WORK REQUEST: Print exactly what the entries say, line by line, from the first line down to the one with "EVAJOY Home Office", inclusive.

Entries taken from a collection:
=-=-=

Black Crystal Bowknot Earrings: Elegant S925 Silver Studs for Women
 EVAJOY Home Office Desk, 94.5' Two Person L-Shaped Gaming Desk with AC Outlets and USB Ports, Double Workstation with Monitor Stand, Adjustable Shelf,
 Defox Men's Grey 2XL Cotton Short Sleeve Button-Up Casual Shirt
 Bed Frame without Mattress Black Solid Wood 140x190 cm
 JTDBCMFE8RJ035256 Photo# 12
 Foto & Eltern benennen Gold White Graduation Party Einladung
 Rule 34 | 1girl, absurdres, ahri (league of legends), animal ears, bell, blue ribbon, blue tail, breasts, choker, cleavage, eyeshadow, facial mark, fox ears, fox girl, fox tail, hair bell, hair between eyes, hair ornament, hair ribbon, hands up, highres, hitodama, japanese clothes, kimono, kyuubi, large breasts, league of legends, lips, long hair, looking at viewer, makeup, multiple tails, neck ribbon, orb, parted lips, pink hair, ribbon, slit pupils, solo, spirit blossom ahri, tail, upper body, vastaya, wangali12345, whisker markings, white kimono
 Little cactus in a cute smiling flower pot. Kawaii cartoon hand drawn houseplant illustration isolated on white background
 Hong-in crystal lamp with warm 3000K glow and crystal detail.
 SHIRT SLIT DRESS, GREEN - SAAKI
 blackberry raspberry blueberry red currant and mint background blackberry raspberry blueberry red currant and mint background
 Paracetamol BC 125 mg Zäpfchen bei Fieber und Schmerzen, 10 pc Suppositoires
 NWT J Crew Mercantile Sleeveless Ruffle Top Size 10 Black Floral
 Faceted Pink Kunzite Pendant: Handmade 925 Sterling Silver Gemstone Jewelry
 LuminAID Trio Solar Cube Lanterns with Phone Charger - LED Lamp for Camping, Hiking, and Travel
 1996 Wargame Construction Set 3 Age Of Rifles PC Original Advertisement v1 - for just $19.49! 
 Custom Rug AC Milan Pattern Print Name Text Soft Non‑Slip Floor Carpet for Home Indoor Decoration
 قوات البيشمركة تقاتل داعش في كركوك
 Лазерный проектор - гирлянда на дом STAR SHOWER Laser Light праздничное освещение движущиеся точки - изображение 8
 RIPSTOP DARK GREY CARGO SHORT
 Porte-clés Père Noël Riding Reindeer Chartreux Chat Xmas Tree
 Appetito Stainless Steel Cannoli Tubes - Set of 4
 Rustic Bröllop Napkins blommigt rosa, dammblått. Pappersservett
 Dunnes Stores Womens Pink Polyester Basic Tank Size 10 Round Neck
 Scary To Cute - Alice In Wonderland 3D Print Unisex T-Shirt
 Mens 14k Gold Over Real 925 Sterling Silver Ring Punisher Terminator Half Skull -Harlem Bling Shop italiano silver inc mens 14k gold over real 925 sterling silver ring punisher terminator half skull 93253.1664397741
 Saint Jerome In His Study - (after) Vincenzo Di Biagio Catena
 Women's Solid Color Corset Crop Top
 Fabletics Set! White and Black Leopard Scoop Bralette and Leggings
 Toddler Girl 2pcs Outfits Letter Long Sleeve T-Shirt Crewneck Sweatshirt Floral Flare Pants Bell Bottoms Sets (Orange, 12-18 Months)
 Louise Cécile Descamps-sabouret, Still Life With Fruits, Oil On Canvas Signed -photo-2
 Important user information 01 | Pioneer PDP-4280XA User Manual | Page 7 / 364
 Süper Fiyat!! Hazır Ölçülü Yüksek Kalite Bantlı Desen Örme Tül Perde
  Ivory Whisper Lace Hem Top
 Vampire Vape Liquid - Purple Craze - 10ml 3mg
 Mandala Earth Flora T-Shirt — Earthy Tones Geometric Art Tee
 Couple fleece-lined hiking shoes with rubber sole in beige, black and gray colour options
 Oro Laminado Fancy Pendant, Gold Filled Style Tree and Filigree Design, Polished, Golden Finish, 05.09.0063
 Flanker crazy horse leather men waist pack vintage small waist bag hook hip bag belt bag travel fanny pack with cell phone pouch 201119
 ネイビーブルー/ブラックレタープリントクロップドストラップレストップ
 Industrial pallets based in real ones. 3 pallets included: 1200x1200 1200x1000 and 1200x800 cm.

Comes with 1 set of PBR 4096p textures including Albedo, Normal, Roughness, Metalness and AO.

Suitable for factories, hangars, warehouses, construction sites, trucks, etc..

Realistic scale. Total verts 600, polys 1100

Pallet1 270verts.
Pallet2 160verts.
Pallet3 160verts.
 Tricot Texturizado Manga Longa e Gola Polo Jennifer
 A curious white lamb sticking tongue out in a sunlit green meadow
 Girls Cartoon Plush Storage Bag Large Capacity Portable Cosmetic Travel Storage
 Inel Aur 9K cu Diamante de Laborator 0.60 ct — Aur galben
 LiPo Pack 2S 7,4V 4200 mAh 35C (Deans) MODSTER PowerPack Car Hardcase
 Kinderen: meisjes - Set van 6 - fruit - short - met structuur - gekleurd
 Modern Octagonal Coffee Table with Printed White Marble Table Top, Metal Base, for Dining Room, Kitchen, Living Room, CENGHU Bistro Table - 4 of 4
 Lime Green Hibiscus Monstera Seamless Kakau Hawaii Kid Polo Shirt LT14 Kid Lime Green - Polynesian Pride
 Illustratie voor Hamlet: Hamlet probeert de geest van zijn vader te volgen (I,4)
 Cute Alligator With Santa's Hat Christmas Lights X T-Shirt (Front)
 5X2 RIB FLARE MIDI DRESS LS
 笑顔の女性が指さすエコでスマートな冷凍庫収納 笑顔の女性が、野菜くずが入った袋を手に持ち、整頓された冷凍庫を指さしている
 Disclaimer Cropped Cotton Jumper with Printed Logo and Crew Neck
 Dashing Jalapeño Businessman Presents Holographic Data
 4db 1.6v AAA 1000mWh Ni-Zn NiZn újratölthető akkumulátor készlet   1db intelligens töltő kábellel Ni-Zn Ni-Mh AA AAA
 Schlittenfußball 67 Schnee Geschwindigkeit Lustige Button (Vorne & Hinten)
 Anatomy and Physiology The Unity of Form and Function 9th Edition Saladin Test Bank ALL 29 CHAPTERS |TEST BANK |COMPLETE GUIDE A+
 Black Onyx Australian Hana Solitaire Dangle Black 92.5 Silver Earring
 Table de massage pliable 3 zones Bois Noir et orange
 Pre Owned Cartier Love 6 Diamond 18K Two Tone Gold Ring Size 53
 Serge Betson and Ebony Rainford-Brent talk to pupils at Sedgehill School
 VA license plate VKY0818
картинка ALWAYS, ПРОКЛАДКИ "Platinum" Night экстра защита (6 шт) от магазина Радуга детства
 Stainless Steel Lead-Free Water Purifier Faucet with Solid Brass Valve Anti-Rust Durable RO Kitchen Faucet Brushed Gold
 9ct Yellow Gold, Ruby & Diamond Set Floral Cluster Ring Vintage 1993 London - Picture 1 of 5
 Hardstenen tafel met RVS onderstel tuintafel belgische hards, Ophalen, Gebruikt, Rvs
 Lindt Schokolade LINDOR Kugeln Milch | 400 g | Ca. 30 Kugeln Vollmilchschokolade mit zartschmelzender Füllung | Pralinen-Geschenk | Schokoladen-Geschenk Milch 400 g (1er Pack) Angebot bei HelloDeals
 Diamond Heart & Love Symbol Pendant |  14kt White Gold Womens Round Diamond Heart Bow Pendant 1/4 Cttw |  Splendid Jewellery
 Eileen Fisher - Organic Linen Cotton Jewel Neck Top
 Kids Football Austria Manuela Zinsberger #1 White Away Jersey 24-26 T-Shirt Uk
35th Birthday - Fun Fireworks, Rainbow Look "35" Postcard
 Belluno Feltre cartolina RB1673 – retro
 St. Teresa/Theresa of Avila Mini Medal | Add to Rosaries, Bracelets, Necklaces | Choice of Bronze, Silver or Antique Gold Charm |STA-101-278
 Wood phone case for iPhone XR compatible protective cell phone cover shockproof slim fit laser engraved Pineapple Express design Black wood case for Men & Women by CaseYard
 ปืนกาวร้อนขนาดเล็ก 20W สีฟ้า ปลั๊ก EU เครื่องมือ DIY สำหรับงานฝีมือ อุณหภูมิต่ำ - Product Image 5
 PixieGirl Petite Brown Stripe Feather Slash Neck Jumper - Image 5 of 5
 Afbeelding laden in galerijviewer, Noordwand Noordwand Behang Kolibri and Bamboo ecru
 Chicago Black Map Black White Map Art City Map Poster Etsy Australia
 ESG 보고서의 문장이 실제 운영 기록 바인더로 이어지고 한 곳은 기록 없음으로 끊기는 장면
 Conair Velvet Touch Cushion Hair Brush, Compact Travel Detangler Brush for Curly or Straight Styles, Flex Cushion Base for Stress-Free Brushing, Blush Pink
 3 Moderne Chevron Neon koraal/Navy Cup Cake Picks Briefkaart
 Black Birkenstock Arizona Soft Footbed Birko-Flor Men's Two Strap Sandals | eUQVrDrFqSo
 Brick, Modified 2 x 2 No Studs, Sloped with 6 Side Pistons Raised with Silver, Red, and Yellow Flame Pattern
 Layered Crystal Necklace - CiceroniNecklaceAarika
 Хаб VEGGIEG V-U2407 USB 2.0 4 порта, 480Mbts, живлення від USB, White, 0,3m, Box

=-=-=

RESULT OF THE EXERCISE:
Black Crystal Bowknot Earrings: Elegant S925 Silver Studs for Women
 EVAJOY Home Office Desk, 94.5' Two Person L-Shaped Gaming Desk with AC Outlets and USB Ports, Double Workstation with Monitor Stand, Adjustable Shelf,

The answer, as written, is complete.